The Unfinished Season
The papaya sat on my kitchen counter for three days before I threw it away. That was how long it took me to admit that Marcus wasn't coming over for dinner again, that our Tuesday night ritual of cooking something unnecessarily elaborate and complaining about our jobs had become another casualty of whatever happened between us.
We'd been friends since college, back when we played baseball on that intramural team that took ourselves too seriously. Marcus was the shortstop with the throwing arm that could launch a ball from deep left field. I played second base, competent but never spectacular. We were partners on the field and partners in crime off it, drinking cheap beer and laughing about how we'd conquer the world.
But the world has a way of softening your edges. At thirty-seven, Marcus was already divorced and running marathons like he was trying to escape something he couldn't name. I was married to a job that paid well but left me hollow, swimming laps at the community center pool at 5 AM because it was the only time I could hear myself think.
The pool water was always cold, shocking me into clarity. Floating on my back, staring at the fluorescent ceiling, I'd replay our last conversation. We'd been at a bar, both of us slightly drunk, when Marcus said something that hung in the air between us like smoke.
"Remember when we thought we'd actually make a difference?"
I'd shrugged. "We do okay."
He'd looked at me with something like pity. "Do we? Because sometimes I think we're just running in place."
I should've asked him what he meant. I should've told him that I felt it too — this vague but persistent sense that we'd somehow missed the point of everything. Instead I'd said, "You've been training too hard. It's messing with your head."
He'd laughed, but it didn't reach his eyes. That was six months ago.
Now I was swimming alone, baseball games reduced to background noise at sports bars, running on a treadmill that went nowhere.

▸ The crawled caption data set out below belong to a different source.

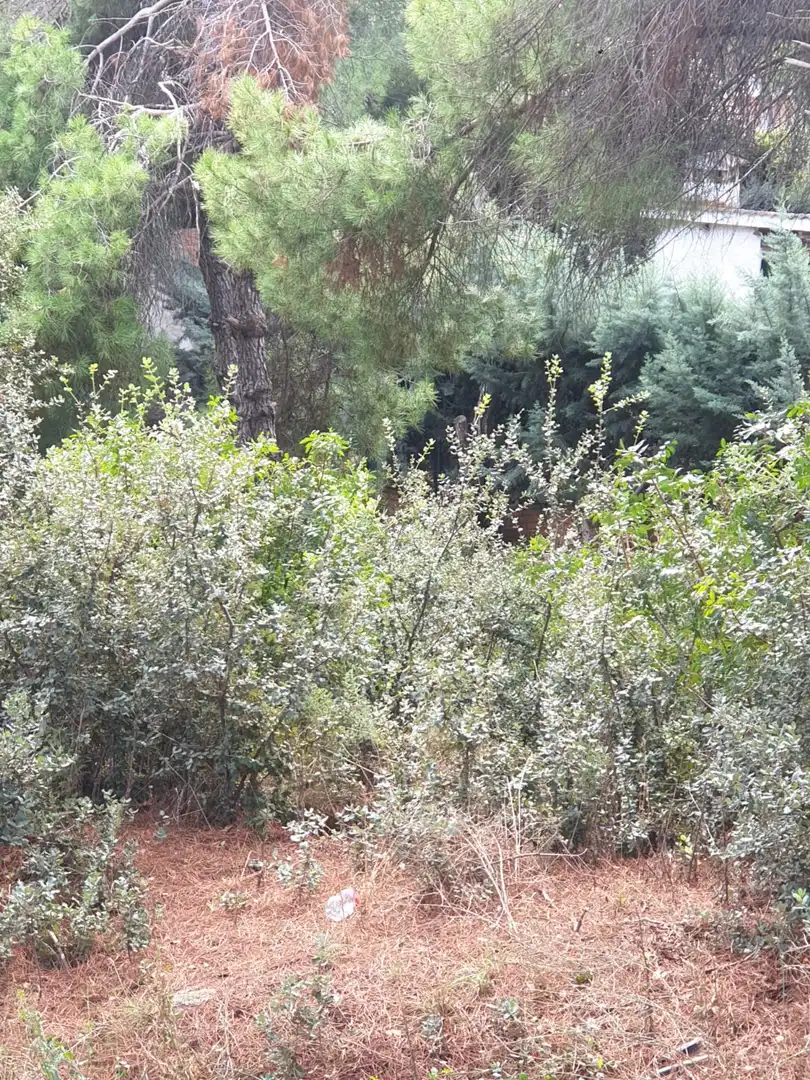 Residencial en venta en Pelayos de la Presa, Madrid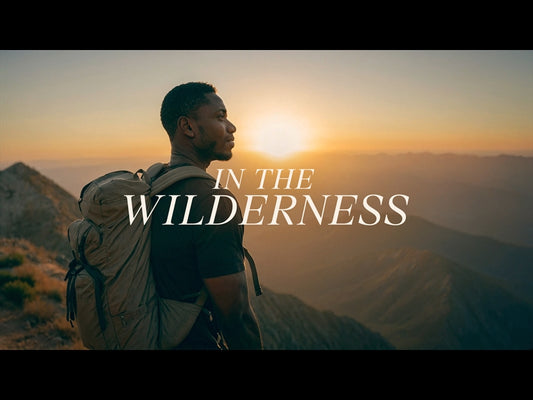 In The Wilderness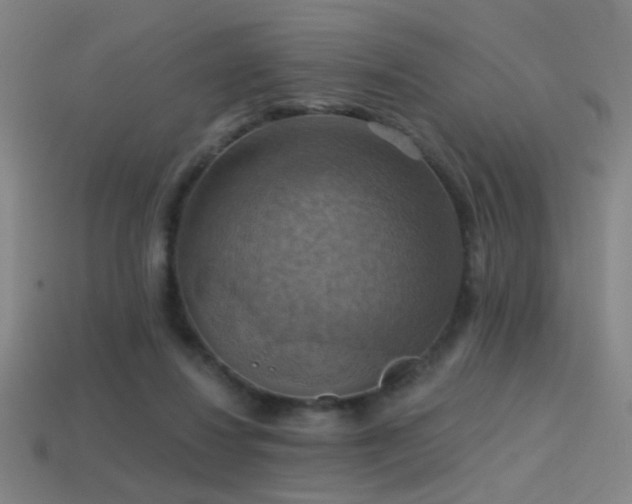 X0000114420260200910161235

Last week I saw Marcus at the grocery store. He was buying papaya, of all things.
"For that recipe you liked," he'd said, holding it up like evidence of something.

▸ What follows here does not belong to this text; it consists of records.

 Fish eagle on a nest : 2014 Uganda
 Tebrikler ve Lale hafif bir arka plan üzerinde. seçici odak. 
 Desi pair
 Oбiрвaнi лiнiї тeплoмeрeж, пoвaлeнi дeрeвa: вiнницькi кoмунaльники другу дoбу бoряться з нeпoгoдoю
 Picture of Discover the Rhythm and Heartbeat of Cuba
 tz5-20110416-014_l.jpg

I'd stood there, mouth open, unable to form words. I wanted to say that I missed him, that I was sorry, that I didn't know why we'd stopped being friends but that it felt like the biggest loss of my adult life. Instead I'd nodded and said, "That's nice."
Standing in my kitchen, staring at the rotting fruit, I finally understood. We weren't swimming or running or playing toward anything anymore. We were just moving through the days, waiting for something to change, too afraid to be the one who changed it first.
The papaya went into the trash. Tomorrow, I told myself, tomorrow I'd call him. Tomorrow I'd say what I should have said at that bar, what I should have said at the grocery store. Tomorrow I'd stop running in place.
But tomorrow felt a lot like today, and today felt a lot like yesterday, and the days kept slipping past like water through my fingers, carrying with them all the things I meant to say but never did.